Here’s the first of several posts about Edward O. Wilson’s book THE MEANING OF HUMAN EXISTENCE, which as I described earlier both here on my blog and on Facebook, is a concise summary of this important scientist’s views on the big issues of science and philosophy, as elaborated in his many earlier books.

(Though this book is a finalist for this year’s National Book Awards, it’s hard to think of this as a great book unto itself, since it derives so much of its content from the author’s earlier works. Maybe that’s a plus?)

These are issues that have informed my own worldview for over 30 years, ever since reading his seminal book ON HUMAN NATURE (1979), which won the Pulitzer Prize for nonfiction. That Wilson has revised some of the ideas expressed in his earlier books — or rather, expanded and matured them on the basis of further evidence and analysis — is an example of the process of science and intellectual inquiry (as opposed to ideology and religion).

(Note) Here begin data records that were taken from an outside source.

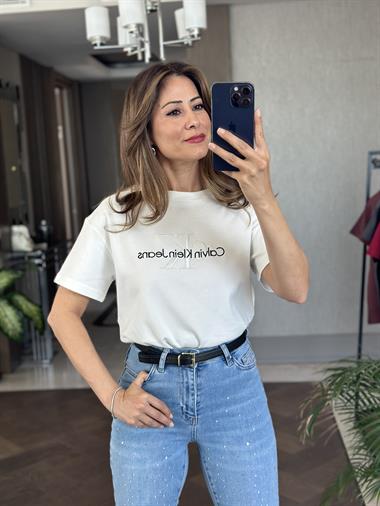 Beyaz Önü Kabartma Yazı Nakışlı Bisiklet Yaka Kısa Kol Kadın T-Shirt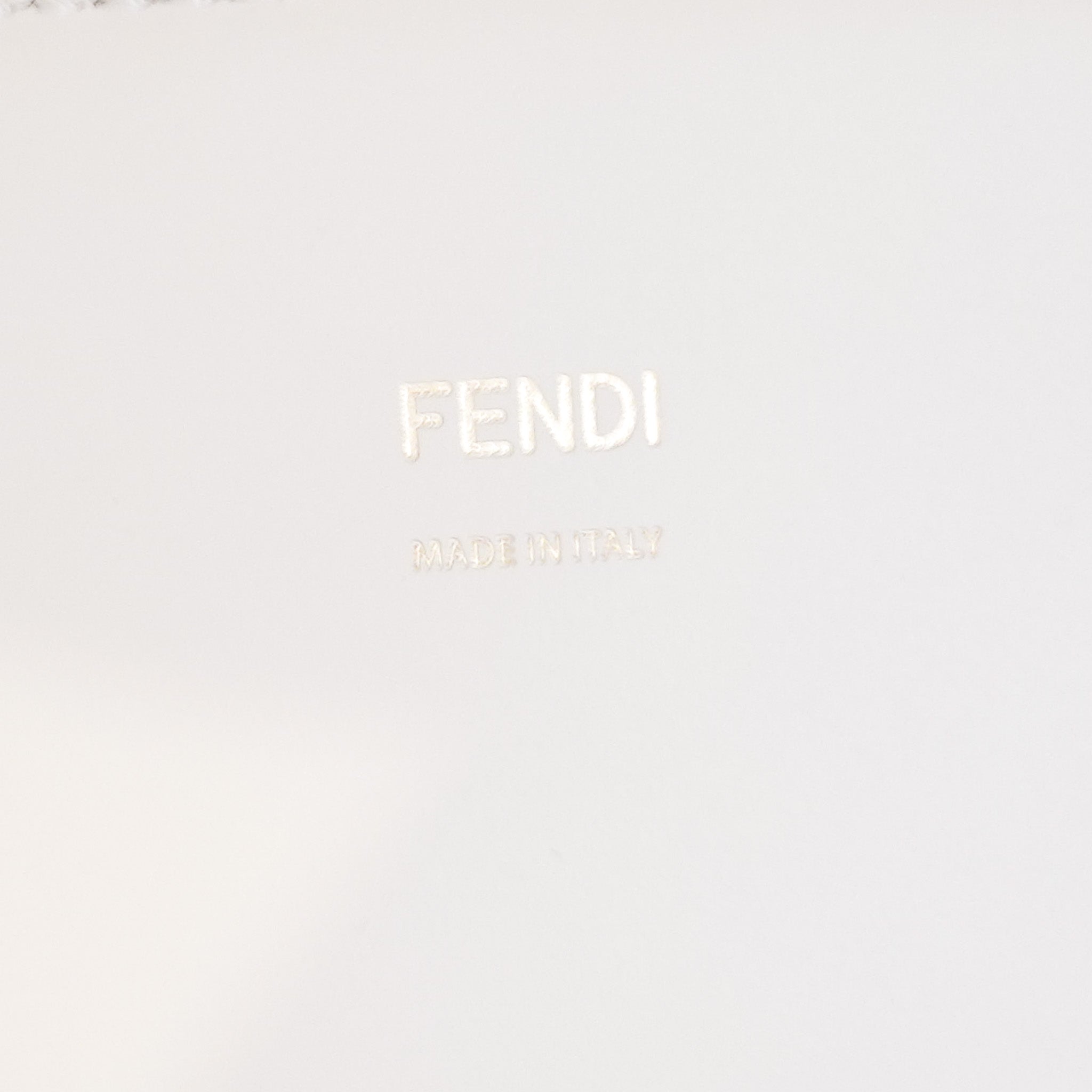 NEW Fendi Sunshine Medium White Tote Bag RRP £2250 | Authentic Preloved - Reloved Again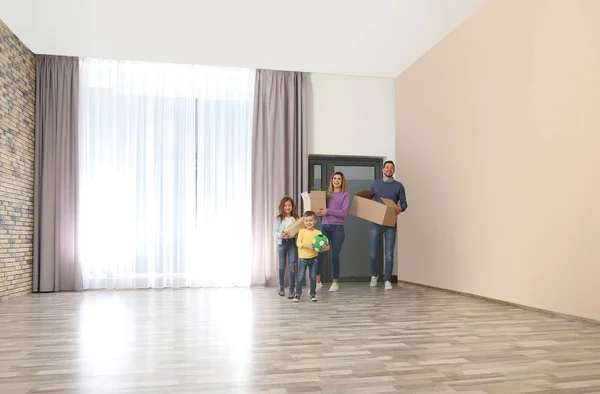 Família Feliz Com Caixas Móveis Sua Nova Casa — Fotografia de Stock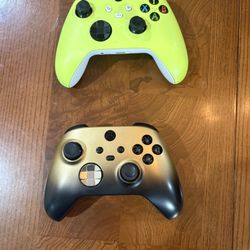 Xbox S Controllers
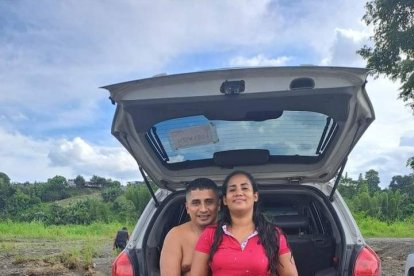 La policía indaga el asesinato de Iván Macías Romero y Rosa Angélica Reto Suescun.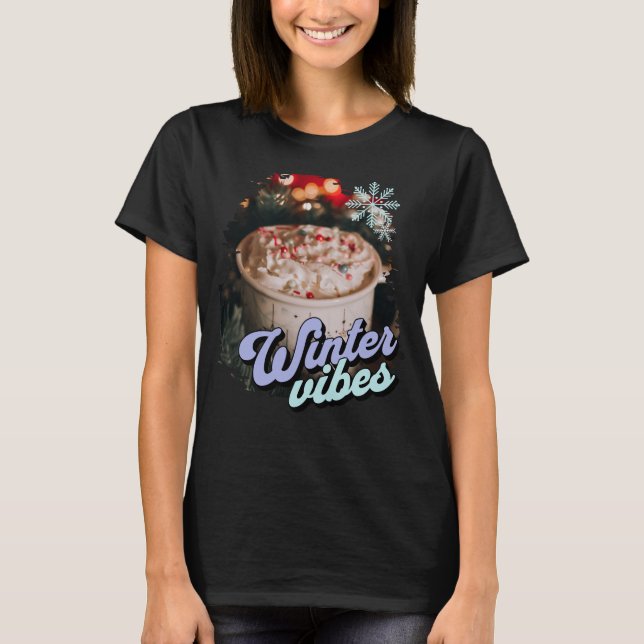 Camiseta Winter Vibes Hot Cocoa (Frente)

Chapter 1 is about “The Meaning of Meaning”. Wilson acknowledges that the ordinary use of ‘meaning’ is about intent and design. The broader definition of ‘meaning’, which he applies here, is that the accidents of history are the source of meaning; each event in the evolutionary past of the human race is random, yet each alters the probability of later events. Humanity’s existence is the consequence of adaptations amidst other potential possibilities that have driven us to our current existence, and those probabilities and consequences, as opposed to all the theoretical others, is a kind of ‘meaning’.

Wilson advises that we as a species approach a great moral dilemma: to what extent do we retrofit the human genotype, and direct our own evolution. The essays in this book invoke both proximate and ultimate causation, both as conditions for the ‘meaning’ of human existence. Humanity arose on its own:

We are not predestined to reach any goal, nor are we answerable to any power but our own. Only wisdom based on self-understanding, not piety, will save us. There will be no redemption or second chance vouchsafed to us from above. We have only this one planet to inhabit and this one meaning to unfold…

Chapter 2: Solving the Riddle of the Human Species

Here Wilson explores his latest, perhaps substantial, contribution to evolutionary theory, the idea of group or social selection. It’s an idea that’s been around for years and remains controversial, but one which according to Wilson has been validated by recent mathematical theorems and proofs. (Much more detail in his book THE SOCIAL CONQUEST OF EARTH.)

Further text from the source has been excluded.